Unfortunately, there are still a few problems. The print is not in pristine shape, with some dirt visible throughout and even some white speckles here and there. Granted, it is not excessive, but for a film only a few years old, it is surprising it is not cleaner. (I suspect Sony hasn't gone back to clean this one up for Blu-ray, instead utilizing the same master used for the previous DVD releases.) I also though fleshtones were a bit off -- instead of a vivid orange, most faces veered toward the red end of the scale, at least enough to be distracting. I also noticed some noise and pixelation, despite the fact that there are absolutely no extras on this disc to eat up precious storage space. Overall, this does look better than most of Sony's initial Blu-ray titles, but these nagging problems continue to disappoint.
'A Knight's Tale' will rock you. Really. This film benefits from a terrific soundtrack, one that really cranks at high volume with excellent dynamics and aggressive surround use. Yeah, the sound design can be as silly as the movie, but there is something perversely sublime about listening to the sounds of clanking armor and Queen's "We Will Rock You" at full blast, fist in the air and head banging.
A quick jousting match between the included uncompressed PCM 5.1 and Dolby Digital surround tracks leaves no time for losers. Though the PCM track is encoded at a couple of decibels higher than the Dolby Digital (lower your volume to ensure a fair fight), the uncompressed mix is clearly superior in all respects: dynamic range, bass reproduction, tonal balance, resolution and all that other technical mumbo-jumbo -- the PCM track kicks arse. I don't think the surrounds were ever quiet during the film, even with dialogue scenes. Subtle atmospherics are excellently deployed to all five channels, and the jousting scenes are brash, aggressive and truly immersive -- the sense of envelopment is at times up there with the best modern soundtracks I've heard. And, of course, the rock songs are nicely remixed in 5.1 which only adds to the fun. Like the film itself, listening to this soundtrack left me with nothing a but a silly grin on my face.

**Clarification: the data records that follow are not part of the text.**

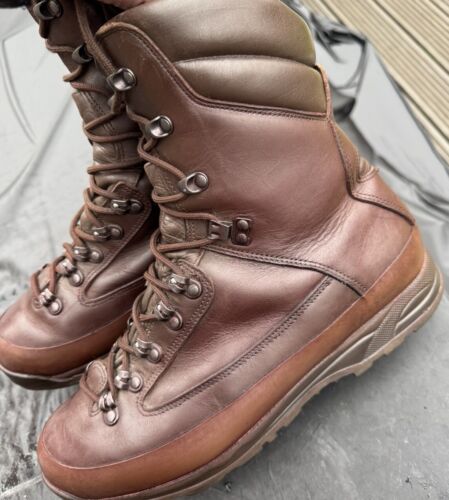 British Army Cold Weather Goretex Boots - Size UK 10M - Used Grade 1 - #B109 - Picture 2 of 9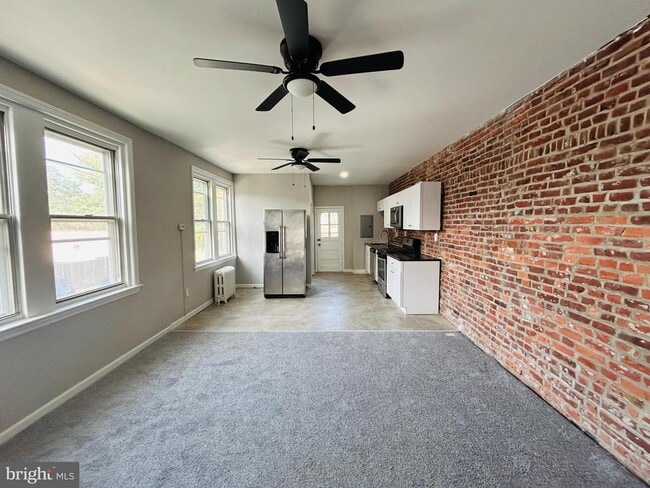 Building Photo - 326 Fountain St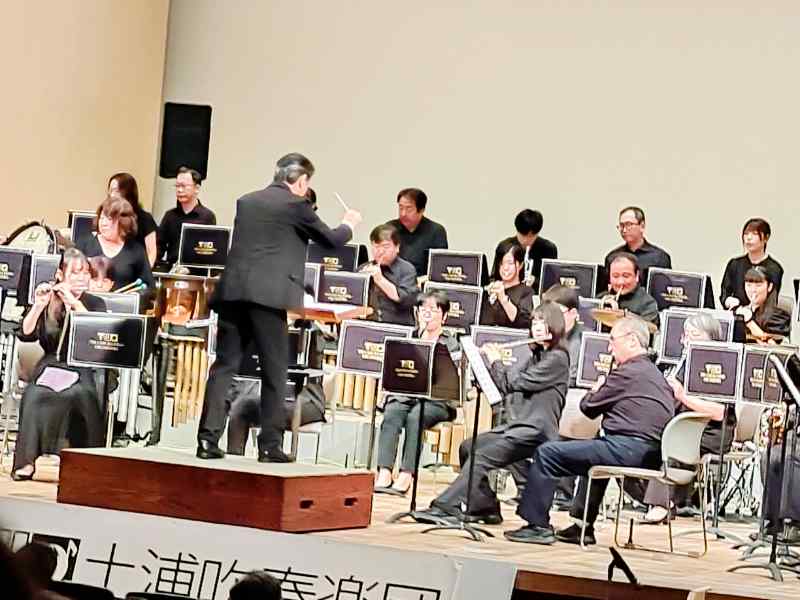 写真:土浦吹奏楽団第15回定期演奏会と霞ヶ浦就航歌の演奏合唱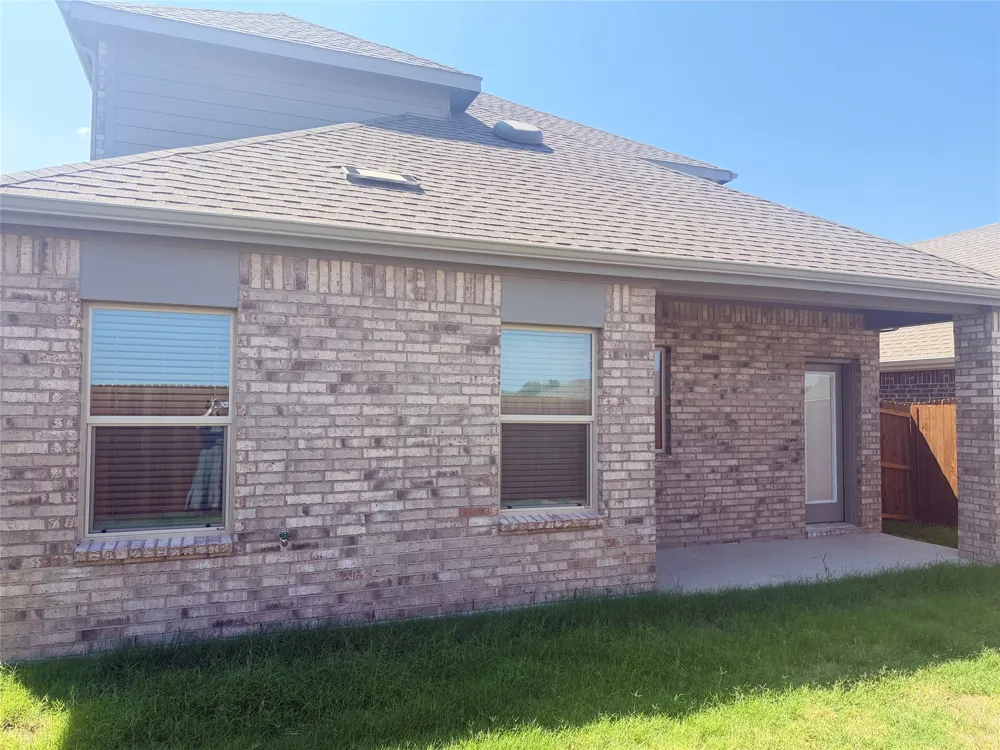 1216 Silent Peak Drive Princeton, TX 75407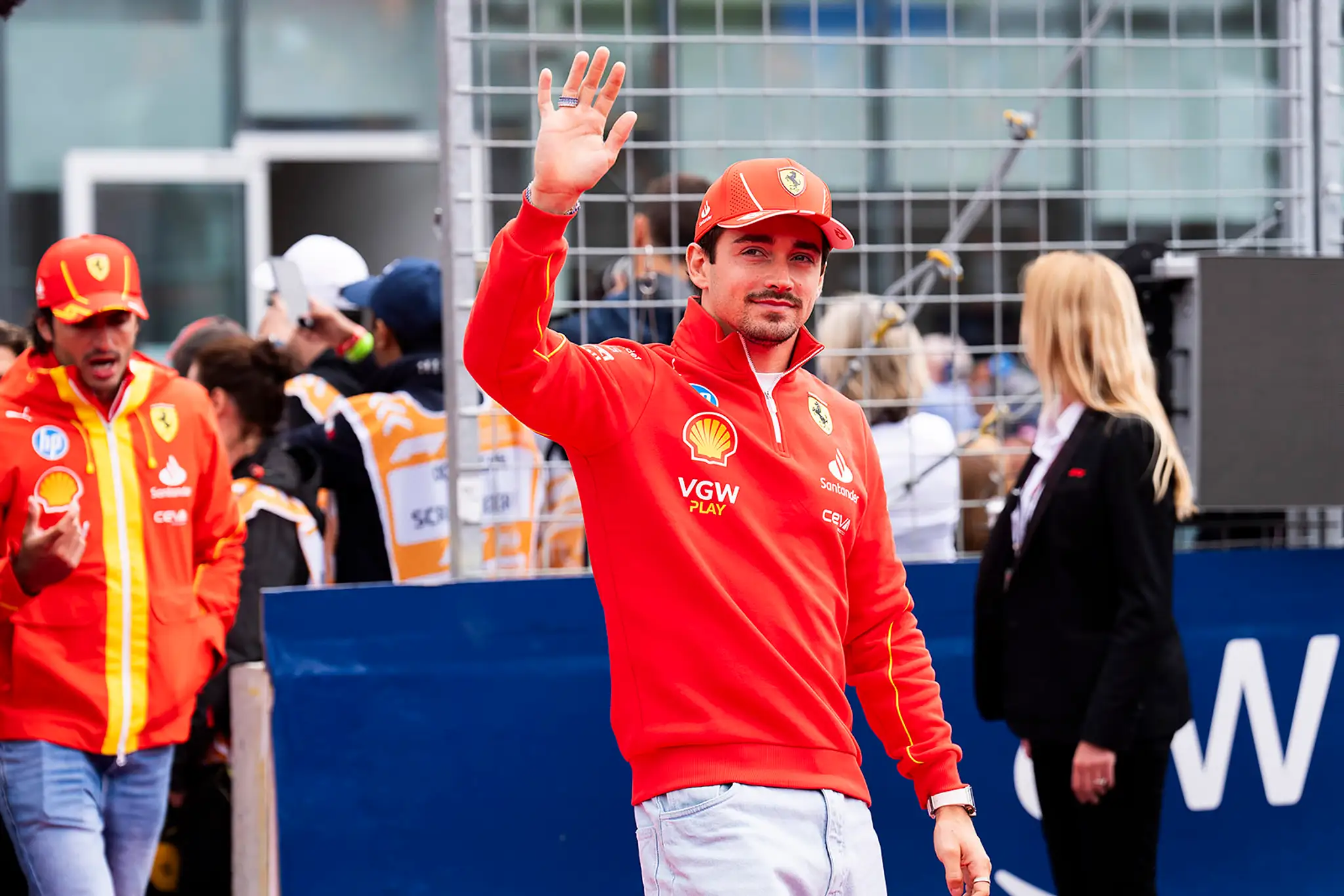 Monačan Charles Leclerc z Ferrari zdraví fanúšikov.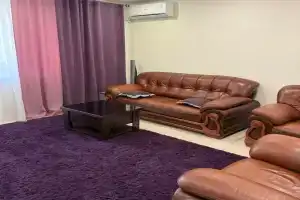 Tihaya v tsentre goroda s konditsionerom i vodonagrevatelem))) Apartments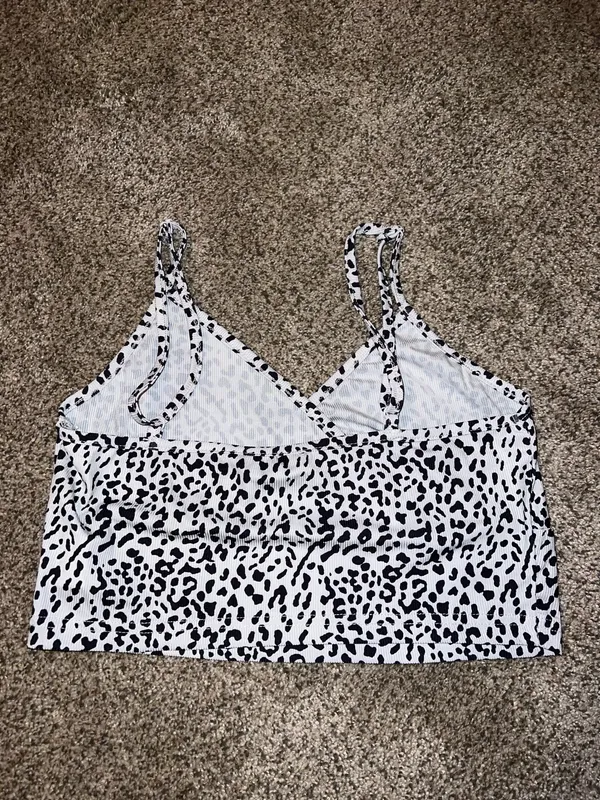 Shein Tank Top - Image 4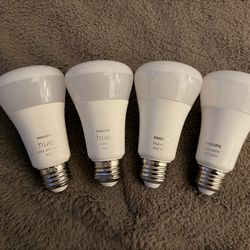 4 Phillips Hue bulbs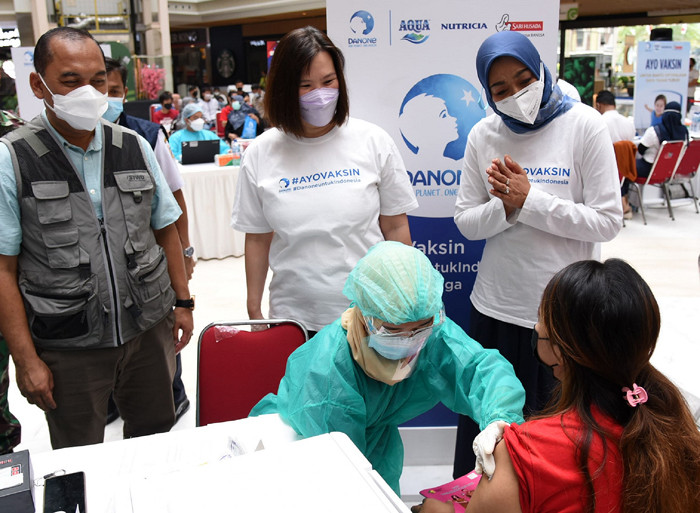 Mini Sentra Danone Vaccine Center di Green Sedayu Mall, Jakarta Barat, Sabtu (14/8/2021).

Though Sony has begun to add more extras to their more recent Blu-ray releases, that doesn't include 'A Knight's Tale.' There are absolutely no supplements on this disc at all -- not even a trailer. Better hold onto that DVD special edition, then.
I actually liked 'A Knight's Tale,' despite my extreme reservations going into it. It's silly, goofy fun, with a wonderfully lighthearted attitude and a game cast. Now, Sony has produced a straightforward Blu-ray release -- sorry, no extras -- and the soundtrack certainly rocks. Unfortunately, the transfer is a bit spotty in parts, though it does offer a better picture than the standard DVD release. Still, given the premium list price for Sony's Blu-ray titles, this is tough to recommend in terms of overall value for money.